Quando saiu nesse frio da manhã de quarta-feira do mês de julho, já abriu um dos olhos – ficou parecido a um pirata (risos). Logo a doutora o advertiu carinhosamente como se ele já fosse um instruído: “Abra este outro olho rapaz”. De modo que não nega o “seu sangue”, após um tenso silêncio veio uma resposta à altura. Um choro potente e contestador, provavelmente gostaria de ficar no confortável útero da mamãe. Um meninão de três quilos e seiscentos gramas, de cinquenta e um centímetro. Como diria a sua avó paterna: “benza Deus”.
Se os anjos são ou não como as imagens de bebês alados, não me preocupo. Pois, esta experiência humana é de fato iluminada. Toda uma força motriz se volta para aquele “pacotinho” fofo.

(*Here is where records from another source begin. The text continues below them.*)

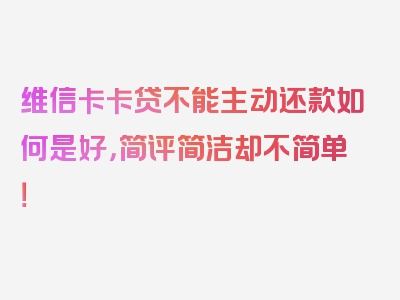 维信卡卡贷不能主动还款如何是好，简评简洁却不简单！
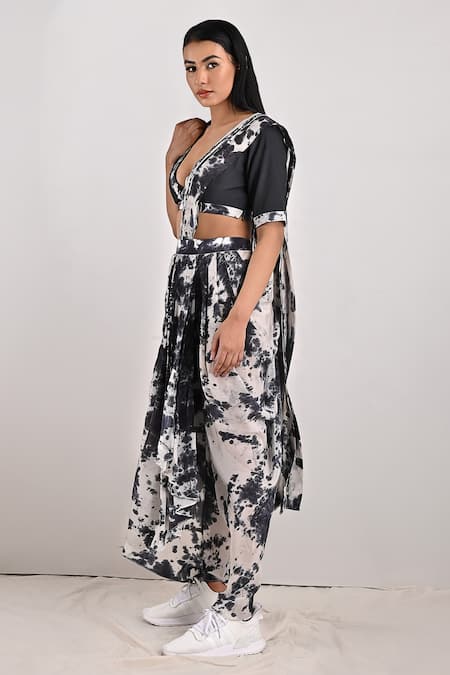 Bohame Arcadia Tie & Dye Pant Saree Set 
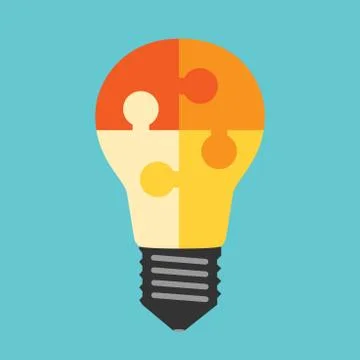 Light bulb of puzzles Stock Illustration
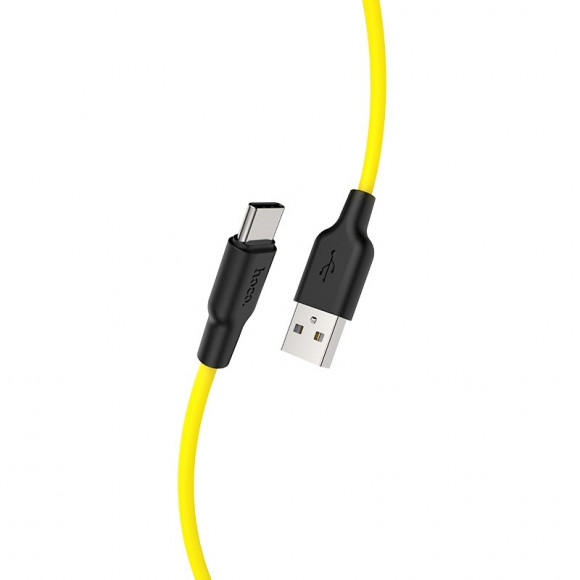Кабель USB HOCO (X21) Plus Type-C (1м) (черно/желтый)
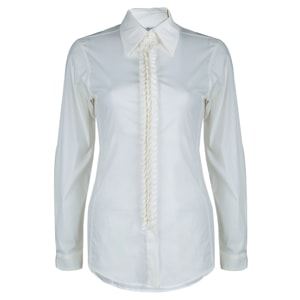 Saint Laurent Paris Off White Textured Placket Detail Long Sleeve Shirt S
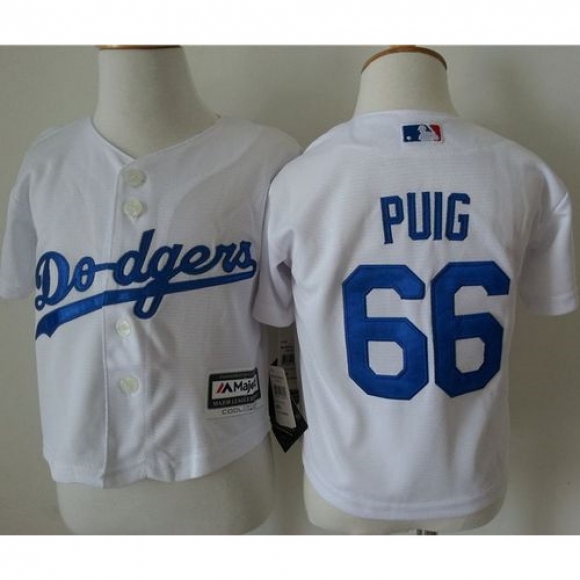 Toddler Dodgers #66 Yasiel Puig White Cool Base Stitched MLB Jersey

É a irmã mais velha de cinco anos – mini adulta – querendo cuidar com o mesmo capricho que faz com as bonecas. A mãe, ainda que doce, advertindo e protegendo do amor sem medida da garotinha primogênita.
A avó materna ansiosa para cuidar da cria e de seu neto. O avô paterno querendo já levar para pescar. Tios e tias são quem mantêm o termômetro do fofurômetro. Amigos todos enchendo a caixa de mensagem pedindo notícias, enquanto isso observo toda esta atmosfera de afeto. Já havia passado por uma experiência de amor como essa com minha primeira filha. Ela foi quem me deu o maior título que tenho: Ser pai. Mas, a “codificação celeste” determinou que eu tivesse novamente esta vivência de amor com outro filho.
Vou repetir o que mencionei em outro momento, quando ouvi o coração da filha mais velha pela primeira vez: quero expor a vibração pacificadora que o mundo tanto precisa. Contrapor qualquer triste realidade é uma justa conduta. Além disso, apresento-lhe o vigor de meu amor. Bem-vindo ao mundo.